How to make homemade marshmallows

When I got the DIY cookbook from America’s Test Kitchen and saw this marshmallow recipe, I knew I wanted to give it a try. I’d made marshmallows once, but that was long ago when I was a teenager.

It’s not really possible to make cylindrical marshmallows at home, so these don’t look exactly like commercial marshmallows. But they are really fun to make, they have a great vanilla flavor, and they’re softer and fresher tasting than the ones in the package.

Now, they do call for quite a bit of gelatin, so I’m not entirely sure if they’re cheaper than commercial marshmallows. I think I used three packets of gelatin, but the recipe made an entire 9×13 pan of marshmallows, which is equivalent to at least two commercial bags. So, that doesn’t seem too crazy.

If you have a good source of bulk gelatin, that would make a big difference in the price. You know, I should check my local store that has a bulk section-maybe they carry gelatin. Hmm.


I wouldn’t necessarily recommend making these to cut back on your grocery bill…you should make them because they’re fun and because they taste good. ;)

And they would make kind of a fun Christmas gift, because really, how many people are going to give homemade marshmallows?

(hint: Fewer than will be giving homemade cookies. Go for the unusual, I say!)

Before you get started with the actual cooking, you’ll need to line a 9×13 inch pan with aluminum foil. Use two pieces, running them in opposite directions, and pushing the foil down in the corners to make a neat lining. Then spray the foil with cooking spray. This will make it simple for you to remove the marshmallows from the pan.

In a small bowl, mix together 2/3 cup confectioner’s sugar and 1/3 cup cornstarch. You’ll use this to de-stick-ify the marshmallows later.

Then pour 1/2 cup of water into your mixer bowl and sprinkle 2 1/2 tablespoons of unflavored gelatin over it. I used the Knox brand.

Let that sit for about 15 minutes. While the gelatin is sitting, you can make the sugar syrup.

In a saucepan, combine 1/2 cup water and 2/3 cup corn syrup. Pour 2 cups of granulated sugar and 1/4 teaspoon of salt into the middle of the pan.

(ATK says not to let the sugar hit the sides of the pan. I have no idea why, but I trust them.)

Over medium heat, bring this to a boil, and then cook it, swirling the pan, until it reaches 240 degrees (240.5 also works.)

Turn the mixer on to low speed, and pour the hot sugar mixture into the bowl with the gelatin. ATK said to avoid hitting the whisk and the bowl during this process, but I couldn’t figure out how to avoid that. And mine turned out fine.

Oh. Be warned. This smells a little bit funky as it mixes, but that’s totally normal.
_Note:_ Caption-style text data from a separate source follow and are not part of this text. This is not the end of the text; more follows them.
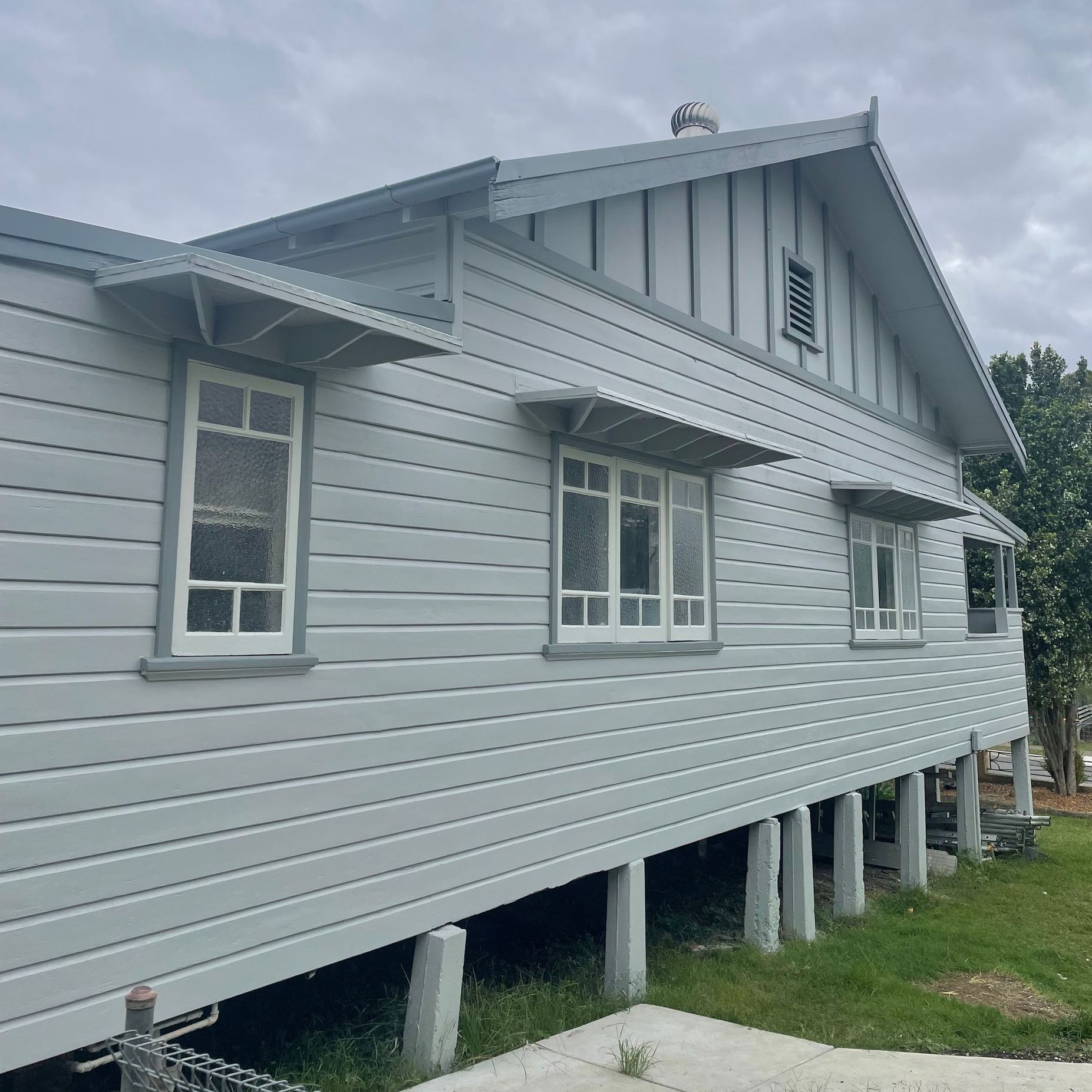 A White House with A Roof and A Lot of Windows After — Bulley Roof Restoration, Painting & Pressure Cleaning in Wingham, NSW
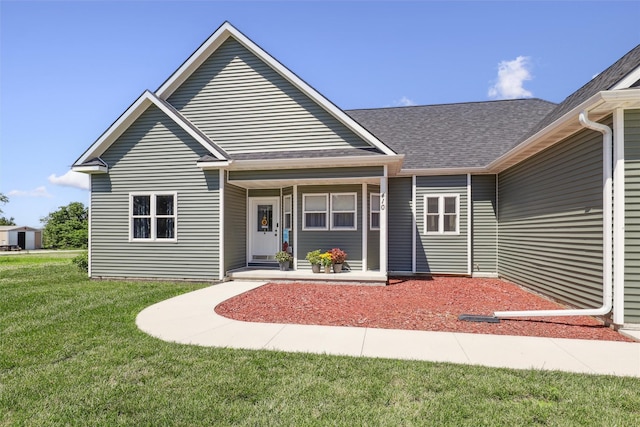 410 Sheridan St, Menlo, IA 50164 - view of front of property featuring a front lawn, a shingled roof, and covered porch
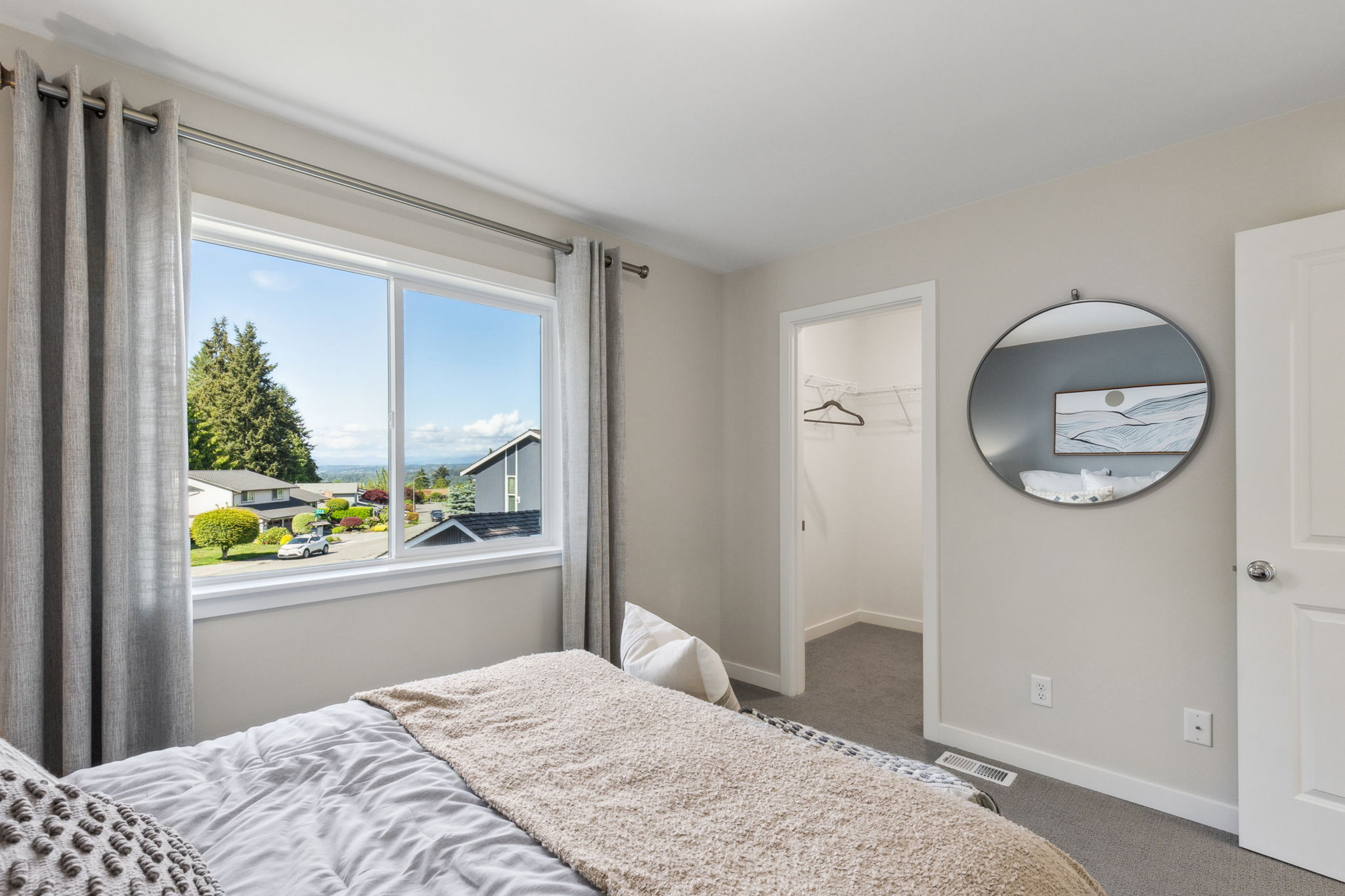 A bedroom with a large window.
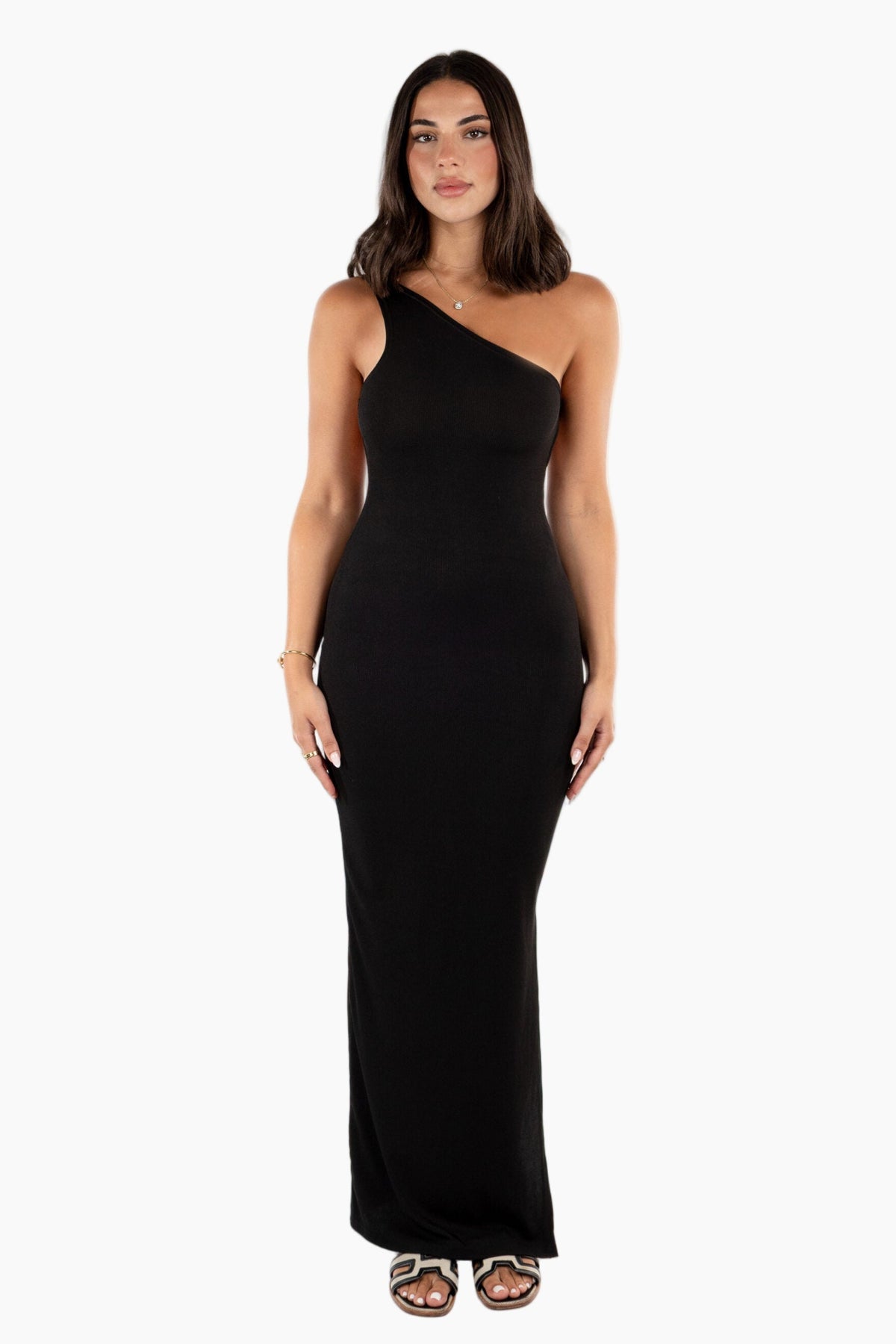 Woman wearing a black one-shoulder dress. Softly structured in a ribbed knit, this maxi dress is cut with a clean open back for a subtle reveal. Streamlined, easy, and designed to hold its shape.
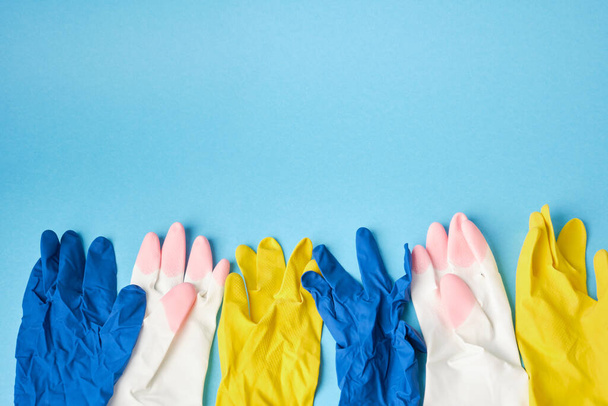 colorful of rubber gloves on blue background copy space - Foto, Imagem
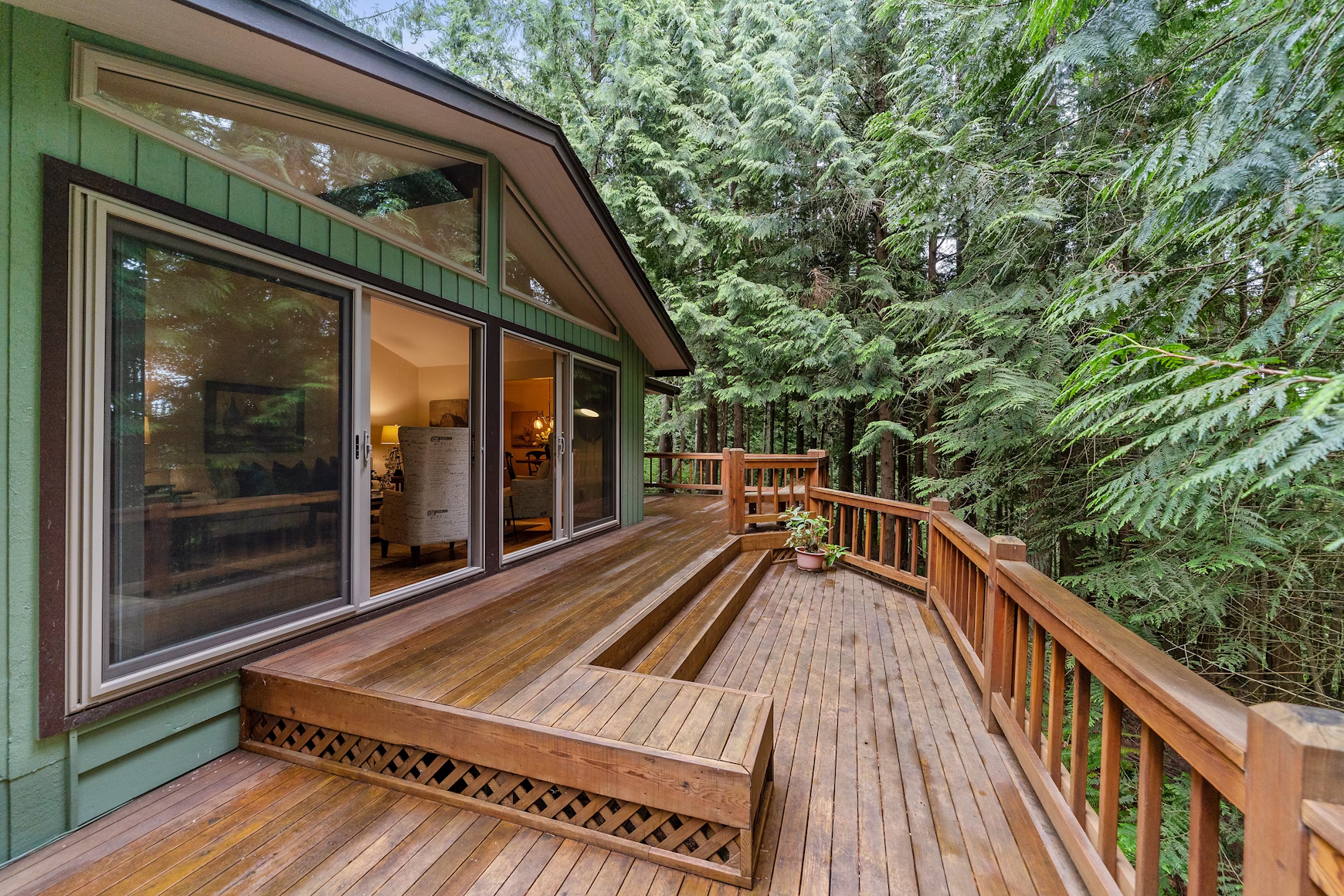 A home has a large back deck with pressure-treated wood for longevity and durability. The deck overlooks a wooded forest.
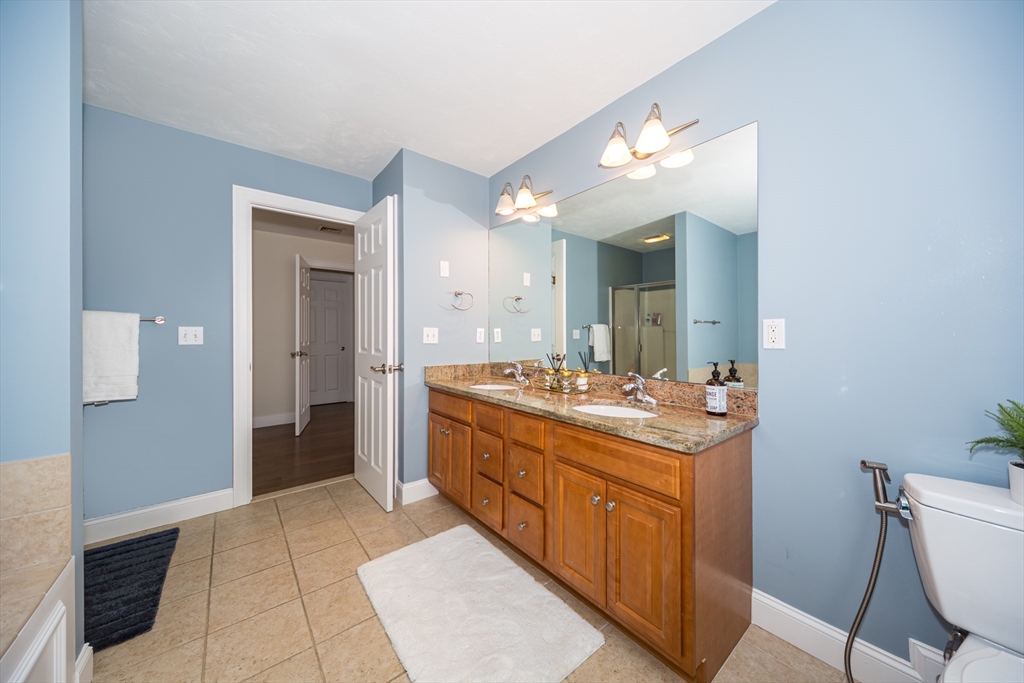 26 Wellesley Avenue, Unit B Natick, MA 01760 - Photo 19 of 34 a bathroom with a sink and a mirror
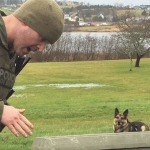 一个穿着绿色警服，带着警犬的男人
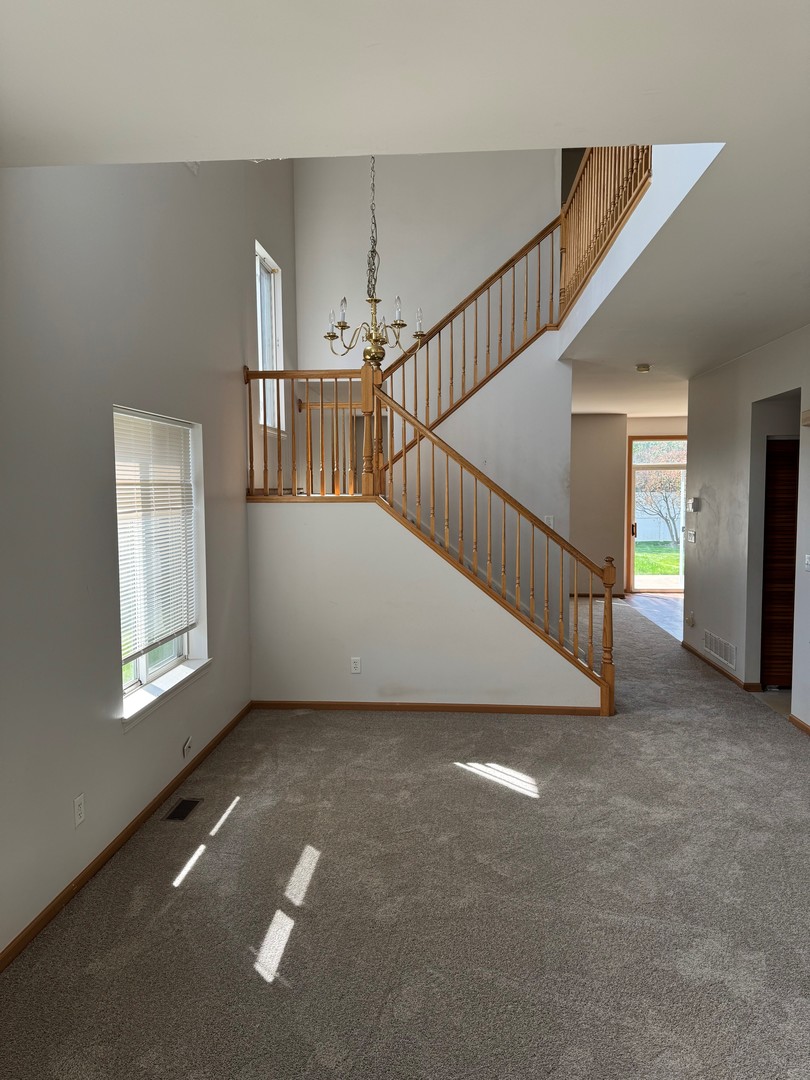 674 Shannon Drive, Unit 674 Romeoville, IL 60446 - Photo 3 of 13 a view of an empty room with stairs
Increase the speed bit by bit until you’ve reached high speed. Then let the mixer go for 10-12 minutes, or until the mixture is really stiff. It’ll look fairly stiff after just a few minutes, so set a timer instead of just going by sight.

The bowl should be just barely warm by the time you’re done.

Once the ten minutes are up, you need to work fast, because the cooler the mixture gets, the trickier it is to work with. Stop the mixer, shake out the whisk really quickly, and then scrape the marshmallow mixture into your prepared pan. I used a rubber spatula to help me clean out the bowl and spread the marshmallow mixture.

Don’t worry too much about cleaning out the bowl thoroughly. If you mess with that for too long, the marshmallow mixture will get too cool to spread neatly.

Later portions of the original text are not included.